§ **Task details**: The lines to retype run from the one containing "Carmesi Facial Razor" through the end of the listing below. Reproduce them exactly, leaving out pictures.

§ **Data segment**:
::::::::
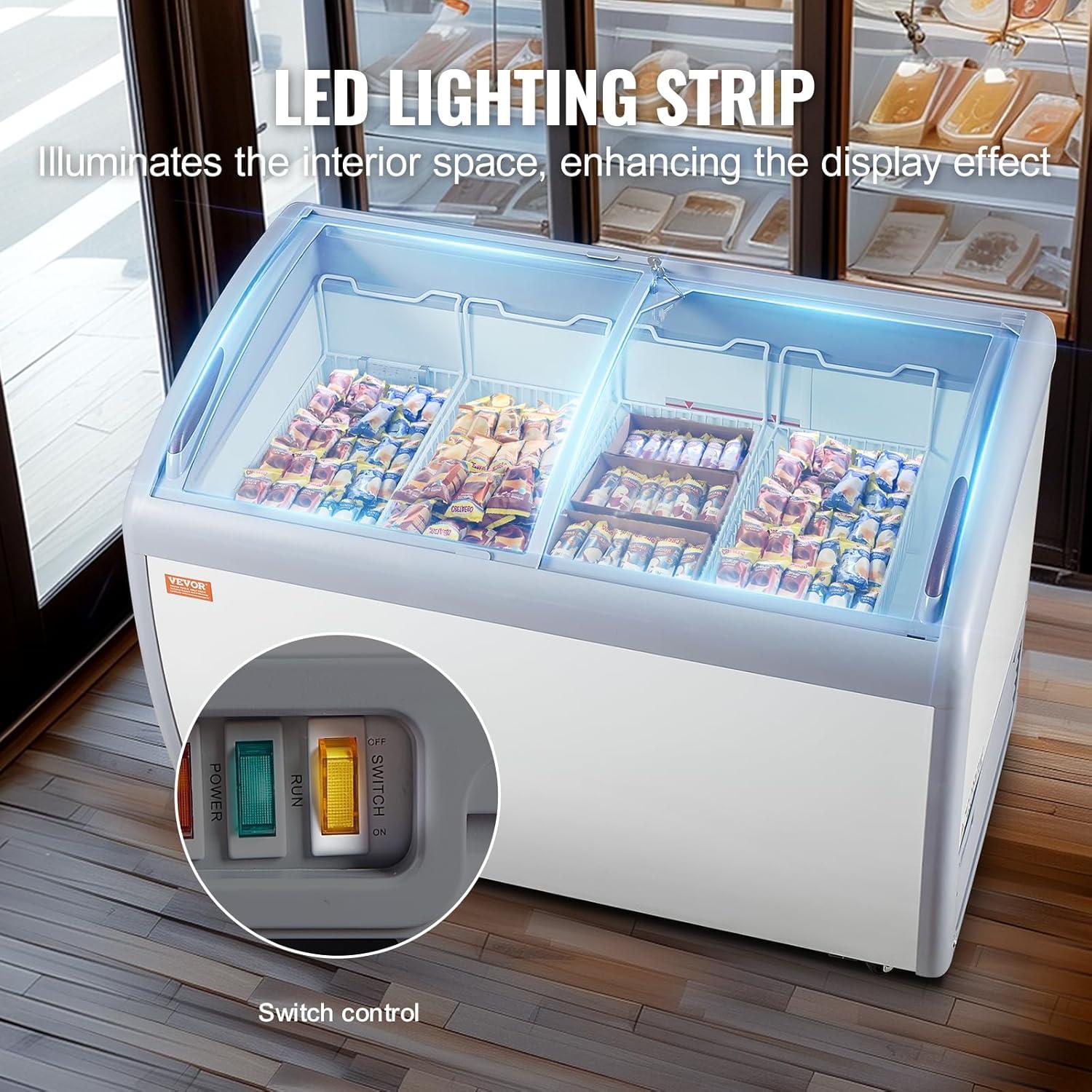 image:imageVEVOR Commercial Ice Cream Display Case 128 Cuft Chest Freezer Mobile Glass Top Deep Freezer Restaurant Gelato Dipping Cabinet with 4 Wire Baskets 2 Sliding Glass Doosr Locking Casters White128 Cuft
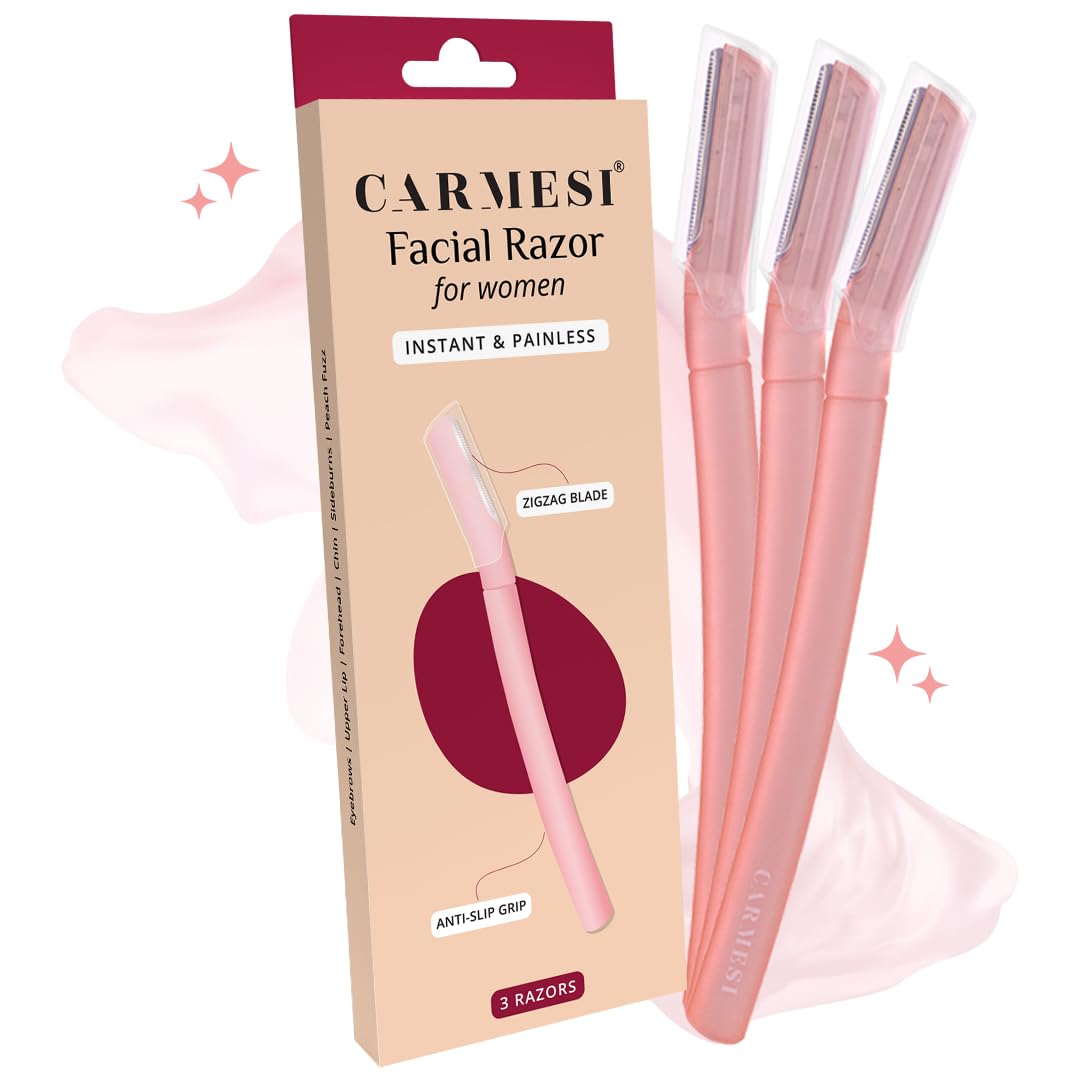 Carmesi Facial Razor for Women | Instant & Painless Hair Removal | Glowing Skin | Eyebrows, Upper Lip, Forehead, Peach Fuzz, Chin, Sideburns | Pack of 3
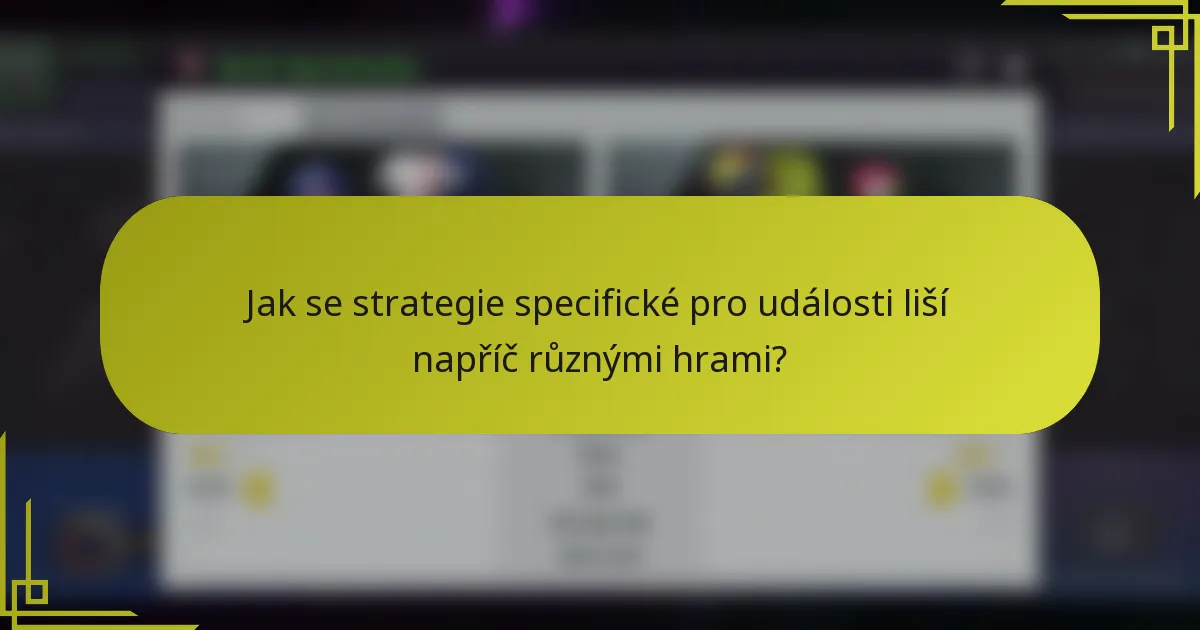 Jak se strategie specifické pro události liší napříč různými hrami?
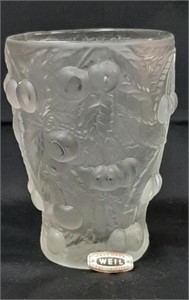 Weil Czech Satin Crystal Cherries 5.5" Vase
::::::::
§ **Task result**:
 Carmesi Facial Razor for Women | Instant & Painless Hair Removal | Glowing Skin | Eyebrows, Upper Lip, Forehead, Peach Fuzz, Chin, Sideburns | Pack of 3
 Jak se strategie specifické pro události liší napříč různými hrami?
 Weil Czech Satin Crystal Cherries 5.5" Vase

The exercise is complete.